You extended Quor's statement to include something I don't think he said or meant to say--that being the part about feral druids not being able to heal really well. I'd disagree with that commment, as the ability to heal any (non-heroic) 5-man instances (with the help of a healing set), which many feral druids including myself have said is not just possible but practical, indicates that our healing is just fine.

plainwalker wrote:
as we can do 150% mana regan on any target (not sure if other class's have a ability like it)
Innervate is great, but not unique. Some other classes even have the ability to regen mana across their entire party, namely shadow priests and shammies with their totems.

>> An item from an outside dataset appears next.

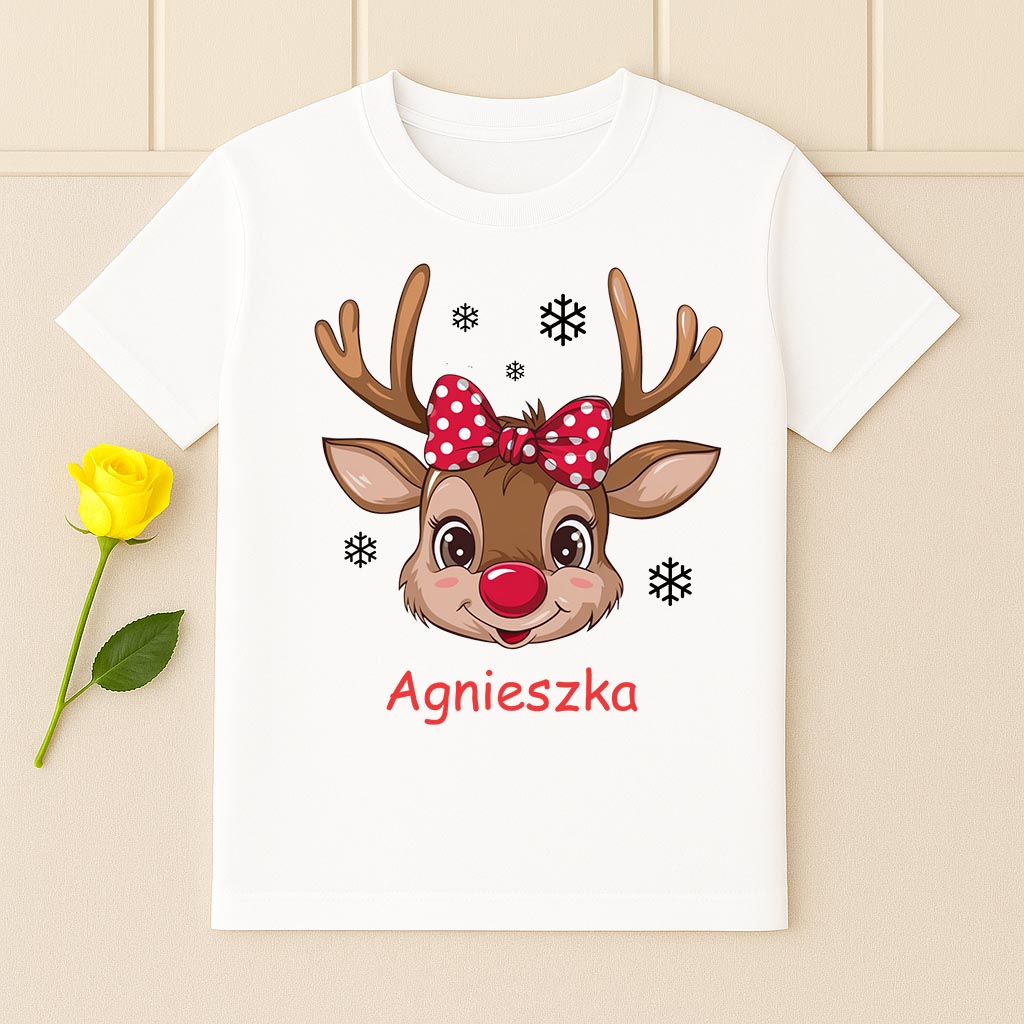 Koszulka świąteczna dla dziewczyny z reniferem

To the OP, I'd personally say druid is the more common, more flexible, and therefore safer route. Across our three specs you can be a top-shelf melee DPS, tank, caster DPS, or healer...and a solid option at 2 or 3 out of 4 in any spec.

At least on my server on alliance side shammies are rare, while there's lots of druids these days. So if you want to be more unique, roll a shammy. If you want the class that has even more versatility, and don't mind being one of a what is unfortunately a relatively "popular" class, roll druid.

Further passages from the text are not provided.